今年は暖冬の影響か、三寒四温のうちに、校庭の桜のつぼみもふくらみ、桜の開花が待たれる頃となりました。

 この、よき日に、卒業生、保護者、来賓の皆様、教職員一同相集う中、本校の栄えある、第二十一回の卒業証書授与式を挙行できますことは、このうえない喜びでございます。

 本日、保護者の皆様には、本校入学以来お子様の心身の健やかな成長を願い続けた日々を思われ、ここに、たくましく成長されたお子様の晴れ姿を目にされて、喜びもひとしおと存じます。心から、お祝い申し上げます。

 また、この間、本校教育の充実と発展のために寄せられましたご理解とご協力に対しまして、厚く御礼申し上げます。

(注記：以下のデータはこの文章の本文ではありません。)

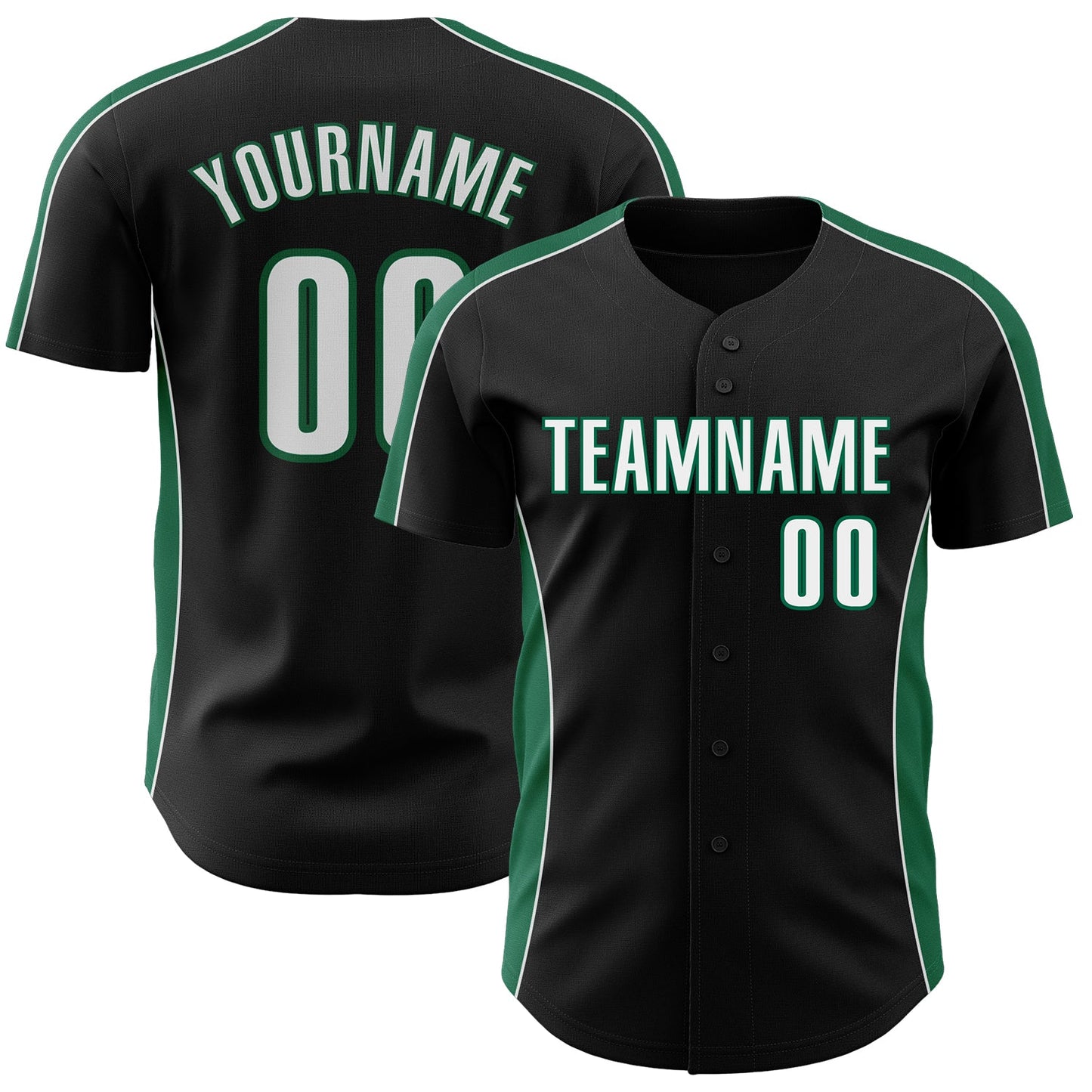 Custom Black White-Kelly Green Classic Color Block Side Panel Stripe Authentic Baseball Jersey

 ご来賓のみなさま、本日は公私何かとお忙しい中、本校の卒業証書授与式にご臨席を賜り、誠にありがとうございます。三年間、地域で子どもたちを見守り、育んでいただきましたことに、心より厚く御礼申し上げます。

 卒業生のみなさん、ご卒業おめでとうございます。今、三年間の課程を修めたという卒業証書を手渡しました。これからは、本校で身につけたことを生かして、力強く歩んでいってください。

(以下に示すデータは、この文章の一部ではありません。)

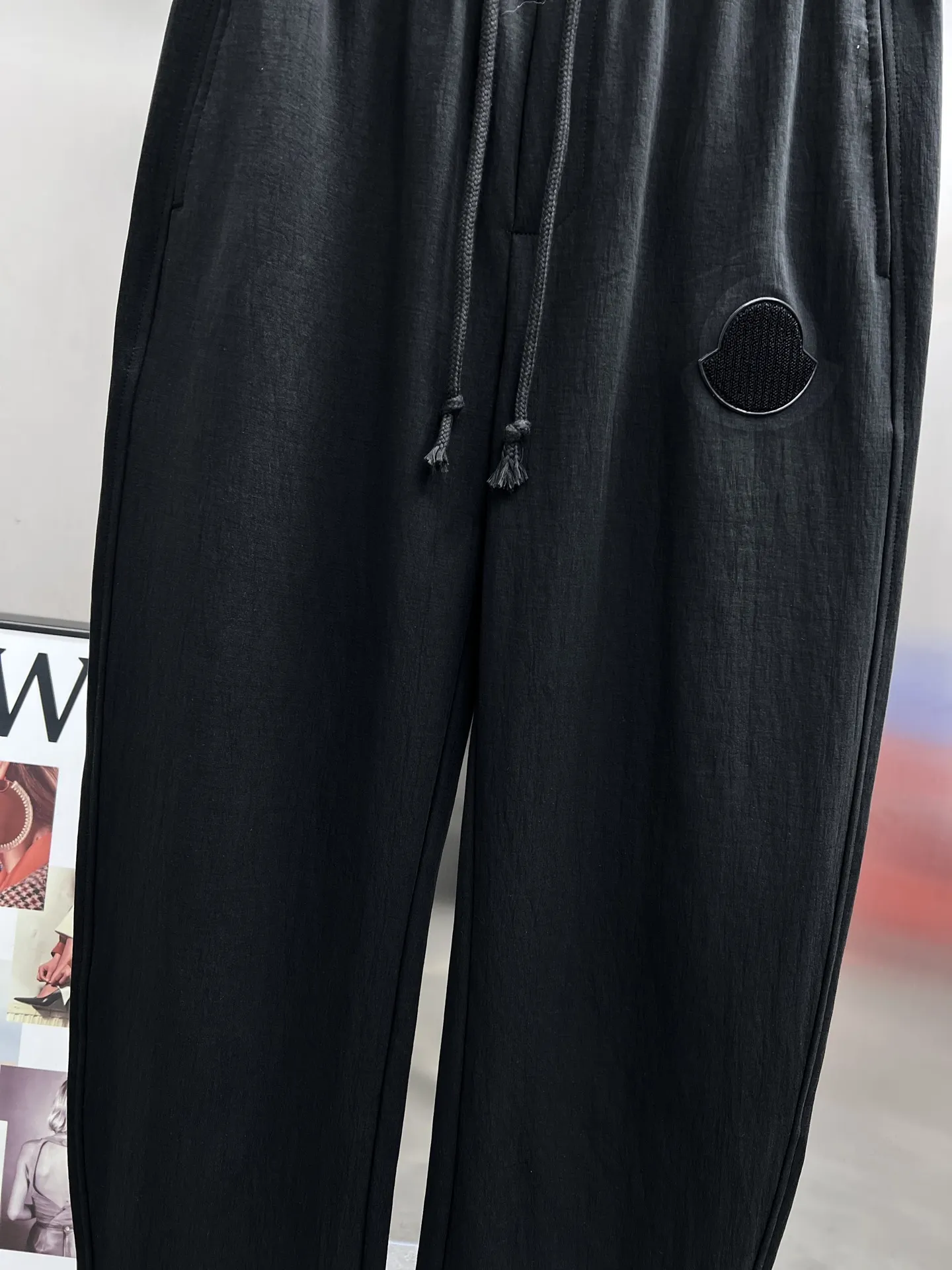 Moncler Logo-Patch Straight-Leg Trousers D22514244 — view 3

 現在私たちを取り巻く様々な状況は必ずしも順調なものばかりではありません。まず地球温暖化に伴う環境の悪化があげられます。あと何十年か後には北極の氷がすべてとけるといわれていますし、温暖化によって大きな台風が世界的に発生しやすくなっているとも言われています。また世界では、だんだんと少なくなっている石油を多くの国が何とか確保しようという動きがますます激しくなることが予想されます。

経済に目をうつすと、我が国では緩やかな景気の回復が見られるとは言われていますが、経済成長率は先進国の中では最低のレベルにあるという報告もあります。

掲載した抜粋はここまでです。